Australian research says no conclusive evidence krill harvesting harms predators
The Centre for Conservation Georgraphy in Sydney publicised the report that drew on conclusions gathered after spending four years assessing krill fishing methods aboard an Aker BioMarine craft.
“There is insufficient evidence to indicate that fishing activity occurring during non-breeding times of the year is having any effect on prey availability to krill predators,” wrote Rob Nicoll and Lucinda Douglass in their paper, ‘Mapping Krill Trawling and Predator Distribution; Mapping Selected Krill Predator Summer Foraging Ranges with Fishing Activity of Aker Biomarine's Saga Sea 2007 - 2011.’
Norway-based Aker welcomed the findings, and a review of it that found no link between the fishery and movements and eating habits of land-based predators.

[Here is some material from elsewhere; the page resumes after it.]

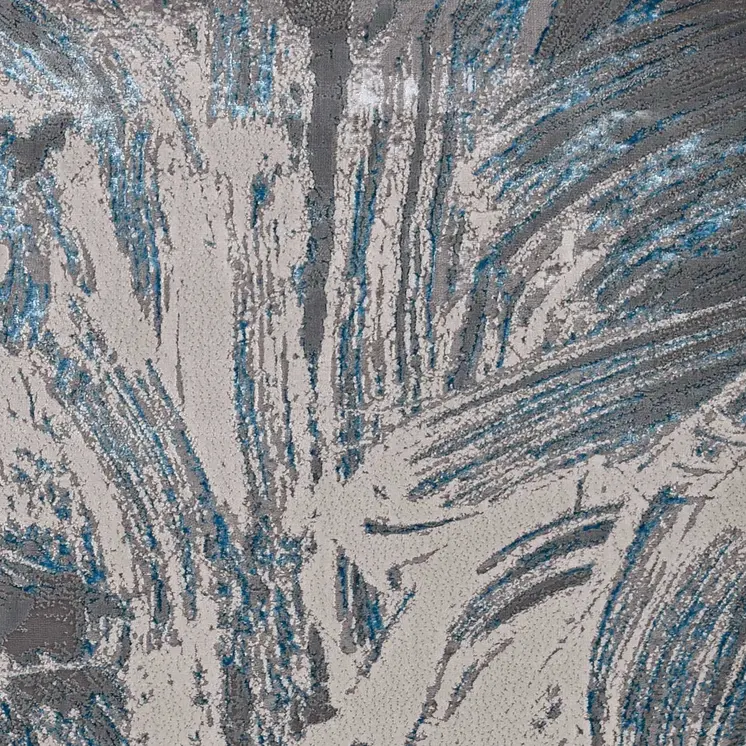 10' X 13' Blue And Silver Abstract Area Rug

Sigve Nordrum, the Norwegian firms conservation director said in a statement: "When Aker earned Marine Stewardship Council (MSC)certification, WWF-Norway required that Aker develop a comprehensive research program to map our fishing operation in relation to predator species in order to address some lingering uncertainties about the relationship of the krill fishery on the total krill biomass and predator populations.”
"The report's findings, that 'there is insufficient evidence to indicate that fishing activity occurring during non-breeding times of the year is having any effect on prey availability to krill predators,' is reinforcement of our effort to sustainably manage our fishery is having positive results."

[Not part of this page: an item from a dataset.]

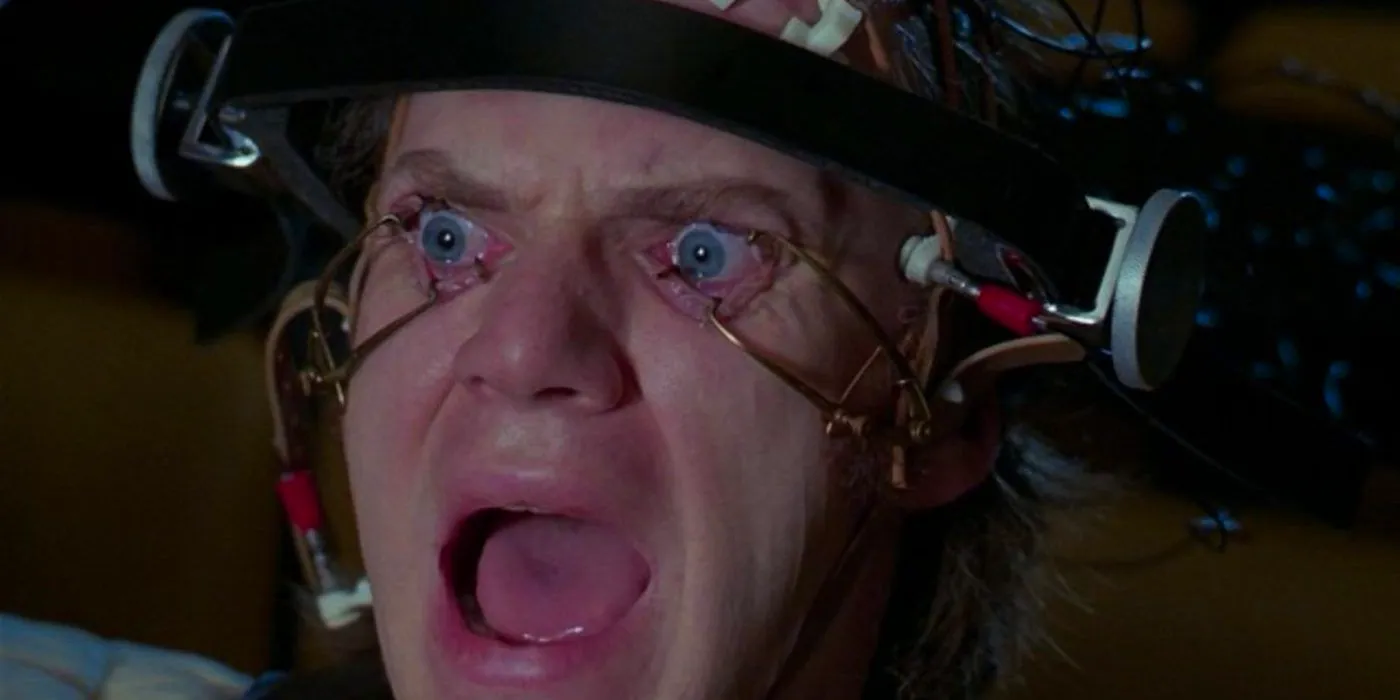 Alex (Malcolm McDowell) doing aversion therapy in A Clockwork Orange Image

The review was conducted by Stephen Nicol of the Antarctic Climate and Ecosystems Co-Operative Research Centre, and Nina Jensen and Fredrik Myhre of WWF-Norway.

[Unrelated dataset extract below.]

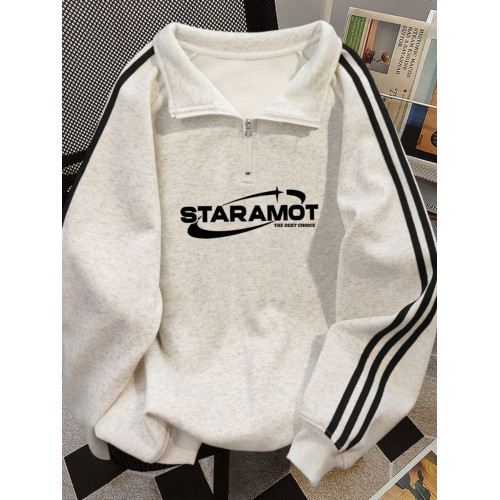 半拉鍊polo領衛衣男秋冬季2025新款美式潮牌寬松加絨加厚上衣外套 半拉鍊polo領衛衣男秋冬季2025新款美式潮牌寬松加絨加厚上衣外套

Other krill predators like whales were not considered in the review of the omega-3 and phospholipid source that has won favour for its nutritional profile but which continues to face down environmental concerns that have led to actions like product withdrawals by the US healthy foods chain, Whole Foods.
WWF-Norway CEO Nina Jensen said the NGO was, “very content with Aker BioMarine's willingness to take necessary actions in line with WWF's recommendations.”
"The measures taken will improve the protection of the krill, the predators and the ecosystem, and ensure the long-term sustainability of the krill fishery.”
A recent MSC audit increased Aker’s Maintenance of Ecosystem score from 91 to 94.3.
The audit took no issue with a 2011 re-estimation of the krill biomass from about 37m tonnes to 60m tonnes and a prevailing trigger limit for potential environmental effects of 620,000 tonnes.
The current annual catch is about 200,000 tonnes.
The Antarctic krill fishery is managed by the Commission for the Conservation of Antarctic Marine Life Resources (CCAMLR).